Per fermare i discorsi d’odio, c’è chi scrive ogni giorno sui social.
Francesca Schianchi giornalista de La Stampa ne parla con Paolo Berizzi giornalista de La Repubblica, autore di NazItalia viaggio in un paese che si è riscoperto fascista, Giuseppe Catozzella, autore di E tu splendi e di Non dirmi che hai paura (vincitore del Premio Strega), Federico Faloppa, linguista dell’Università di Reading (Uk), Pietro Mensi, attivista della Task force hate speech di Amnesty International Italia, Riccardo Noury, portavoce di Amnesty International Italia.
Amnesty International Italia, con la “Task force hate speech”, una rete di 150 attiviste e attivisti, dal novembre 2017 interviene nello spazio dedicato ai commenti delle pagine online e nelle piattaforme social (Facebook e Twitter) dove, a margine di un articolo, possono svilupparsi discorsi d’odio nei confronti di determinati soggetti-bersaglio, che rappresentano le categorie di persone maggiormente soggette a discriminazione.
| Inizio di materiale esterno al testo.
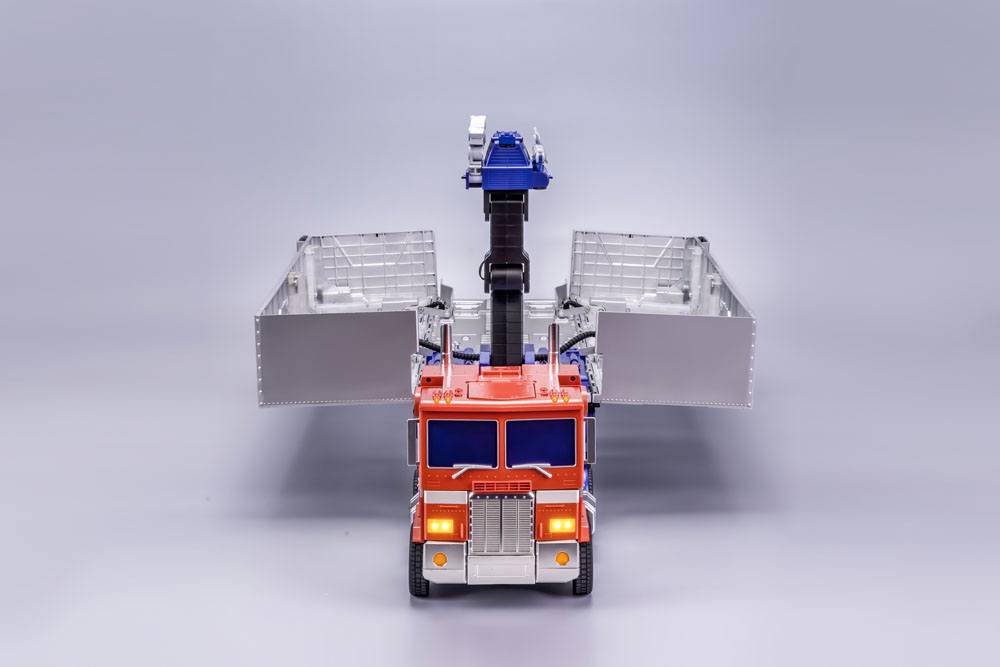 Transformers Interactive Auto-Converting Vehicle Optimus Prime Flagship Trailer Kit 91cm - Action Figures - Robosen - Hobby Figures UK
Con una duplice finalità: tentare di risollevare il linguaggio a un livello civile e utilizzare lo spazio (più diretto e informale) dei commenti per promuovere l’informazione imparziale della notizia e sensibilizzare gli utenti del web.
In vista delle elezioni parlamentari europee, come già realizzato per le elezioni politiche italiane del 2018, Amnesty International Italia ha inoltre avviato un monitoraggio dei profili Facebook e Twitter dei candidati e delle candidate al Parlamento europeo più attivi online e dei leader di partito ai quali fanno riferimento, per valutare in che modo essi si esprimono, e se usano linguaggio d’odio, su una serie di temi e categorie quali donne, persone Lgbti, disabilità, migranti, rifugiati e persone con background migratorio, rom, minoranze religiose, solidarietà, povertà socio-economica.